Print

Print


> When I tackled Ebsco, I ran into issues of site authentication via
> cookies that were passed to the search gateway but not on to the client
> browser. Peter Binkley, at the University of Alberta recommended a proxy
> configuration to balance off this issue.  Essentially those connections
> would have to continue to operate inside a search gateway proxied session.

yeah...haven't really tackled passing the searches thru...that's why i
just tried to give the stable urls from the result lists if i could get
them....something to consider tho

> I don't know how the perl tools stack up in terms of parallel search
> streams.  The php/curl combination is purely serial and the last targets
> will time out if there is a tardy responder in the middle of the serial
> queue.

yeah....another reason for some of my decisions, esp. the iframe stuff;
not terribly pleased with it, but avoided the concurrency issue...

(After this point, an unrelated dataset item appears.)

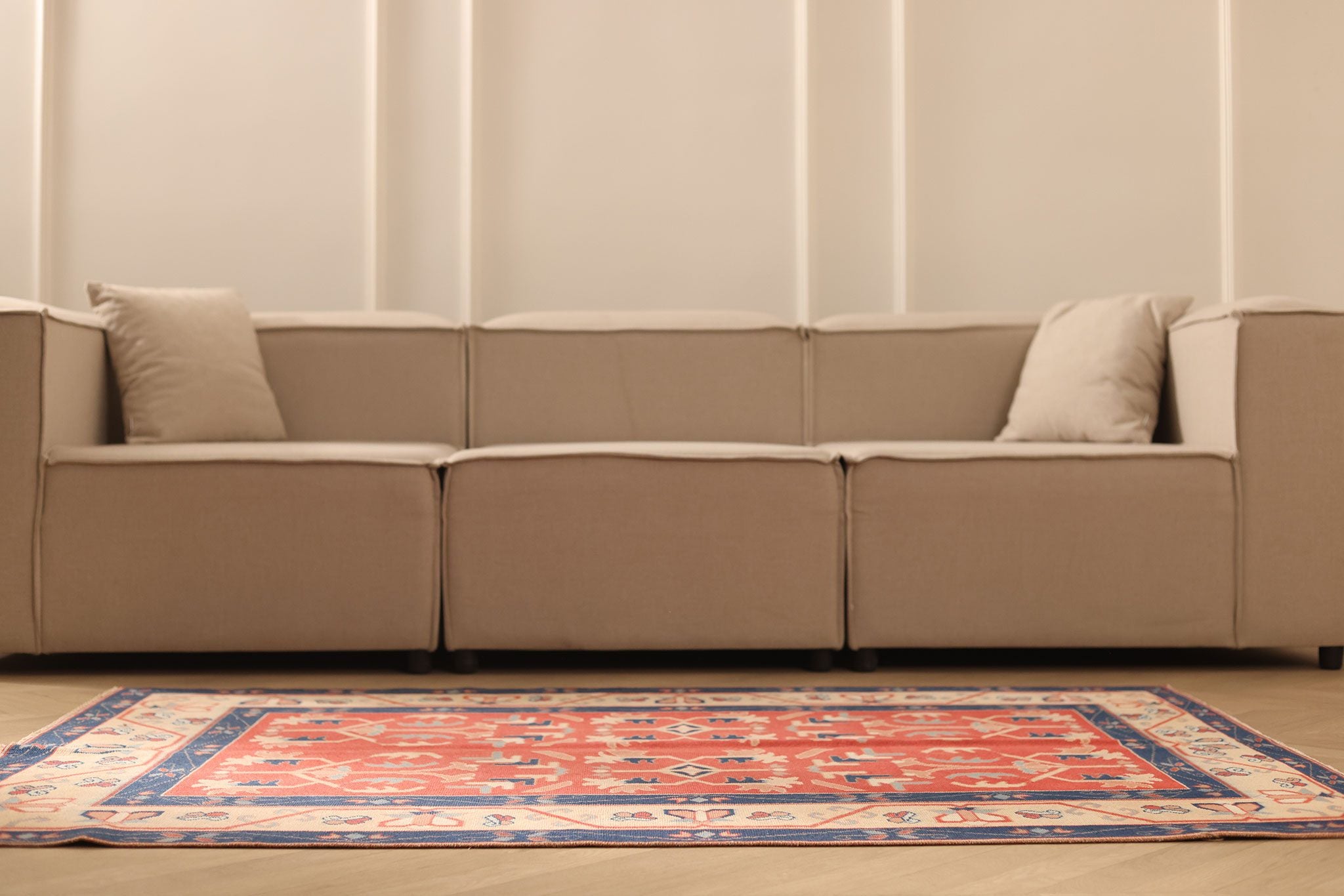 Vintage Uşak Turkish Area Rug 4x6 ft — Red & Blue Floral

there is an extension to perl's LWP that allows parallel searching:

    http://www2.inf.ethz.ch/~langhein/ParallelUA/

haven't looked very closely, but would probably be another solution....

my main problem right now is the parsing....ugh, ugh...ugh....

> Art Rhyno, at the University of Windsor, suggested a parallel
> approach might be possible in a Cocoon environment.  This has the
> advantage of passing all the inbound HTML pages through JTidy and giving
> you the XHTML/XML compliant input stream you wanted (in most cases, even
> when the output from the target was some distance from compliance).

another possible solution....art's done some pretty cool things with
cocoon, but i haven't tried that kool-aid yet ;)